To be fair, Wolfe set the scene this way: “a lot of them [the bikers] piled in there, hooking down beers, laughing, taking their turns, making various critiques.” But his embellishments – ‘fenestrated’ instead of penetrated, ‘furzes of pubic hair,’ ‘sick ochre light’ – hyped the supposed druggie blur. And he further disembodied the scene by framing the fucking in two weird tenses – the conditional and the past perfect progressive. Significantly, Wolfe dropped the fact, clear on Thompson’s page, that she was held down on the wood floor, and he added that she was ‘in a kind of drunken bout of God knew what.’ I suppose this was supposed to mean that she was willing.

Yet, when I checked in on Thompson's book recently, I felt that he, too, fell short. From the crumpled yellow of his note paper (creepy, isn't it, that he hung around that crude cabin long enough to take notes) to the fact that his only verbs are gerunds, his account is oddly passive, presenting an affair with little grubby atrociousness.

What I missed when I read these books decades back, and what is obvious to me visiting them again today, is that both accounts never mention penises.
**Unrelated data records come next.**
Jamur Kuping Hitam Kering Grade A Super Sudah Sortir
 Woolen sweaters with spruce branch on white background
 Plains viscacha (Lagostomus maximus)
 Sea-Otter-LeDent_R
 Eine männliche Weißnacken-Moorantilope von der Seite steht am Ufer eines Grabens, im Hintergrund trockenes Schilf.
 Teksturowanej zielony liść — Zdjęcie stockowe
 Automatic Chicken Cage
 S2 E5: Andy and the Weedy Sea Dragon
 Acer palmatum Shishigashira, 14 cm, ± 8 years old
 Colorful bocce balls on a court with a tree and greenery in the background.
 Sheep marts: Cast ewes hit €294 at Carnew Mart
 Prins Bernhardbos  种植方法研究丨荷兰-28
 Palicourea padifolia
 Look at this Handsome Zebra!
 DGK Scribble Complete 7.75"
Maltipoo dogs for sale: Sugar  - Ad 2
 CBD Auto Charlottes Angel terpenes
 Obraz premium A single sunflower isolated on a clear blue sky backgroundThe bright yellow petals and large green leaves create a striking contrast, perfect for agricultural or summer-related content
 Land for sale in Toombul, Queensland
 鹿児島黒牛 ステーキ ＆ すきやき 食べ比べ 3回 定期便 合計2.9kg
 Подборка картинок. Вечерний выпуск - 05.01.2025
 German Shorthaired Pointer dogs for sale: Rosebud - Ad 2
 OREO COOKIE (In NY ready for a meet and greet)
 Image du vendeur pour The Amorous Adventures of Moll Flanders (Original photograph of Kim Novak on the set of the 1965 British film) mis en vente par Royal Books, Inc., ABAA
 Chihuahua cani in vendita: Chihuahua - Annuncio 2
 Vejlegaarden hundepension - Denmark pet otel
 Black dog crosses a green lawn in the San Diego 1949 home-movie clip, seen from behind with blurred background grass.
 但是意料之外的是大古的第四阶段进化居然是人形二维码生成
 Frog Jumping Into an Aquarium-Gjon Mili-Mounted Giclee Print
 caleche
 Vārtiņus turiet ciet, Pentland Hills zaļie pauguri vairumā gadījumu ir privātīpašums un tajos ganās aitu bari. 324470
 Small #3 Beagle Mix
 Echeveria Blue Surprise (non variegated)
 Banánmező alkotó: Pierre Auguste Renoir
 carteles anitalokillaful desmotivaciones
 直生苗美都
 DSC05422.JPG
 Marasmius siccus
In both of them, this was a dickless fuck. (Thompson didn't even call the possessors of these penises men; rather, he called them ‘people.’)

Two male authors describing the same scene both made a forest of stiff pricks magically disappear.  As many as fifty erect cocks. Erased. Removed. Disposed of. Airbrushed out. Neutron bombed. Disappeared. Poof!

To put the pricks in, to describe them, talk about them, make them apparent, active, palpable, powerful, would have tilted it. Because it’s got to be fucking impossible to stick your head into a room at a party and see a hoard of bellowing men – maybe not fifty but definitely dozens – with their pants off and their dicks hard taking turns on a solitary woman who's being held down on the hard floor and think, even for a moment, even if she doesn't protest, that it might be consensual. I mean, to maintain that takes some serious work.

Wolfe’s final assessment of the scene -- “But that is her movie, it truly is, and we have gone with the flow” -- only makes sense without the dicks.

Thompson's too. Though he was clearly conflicted, he dispelled that conflict in a twist of explanation. “It was not a particularly sexual scene,” he wrote. “The impression I had at the time was one of vengeance. The atmosphere in the room was harsh and brittle, almost hysterical.” At another point he termed what he witnessed as somewhere between a friendly sex orgy and an all-out gang rape.” In the end, though, the outlaw journalist handed up an indictment: “The Hell’s Angels, by several definitions, including their own, are working rapists . . . [ellipsis in original] and in this downhill half of our twentieth century they are not so different from the rest of us as they sometimes seem. They are only more obvious.”

‘Working rapists.’ What a phrase. A keeper. It takes in everyone from the President of the United States on down -- which makes it perfect for this godawful Sisyphean second decade of the twenty-first century.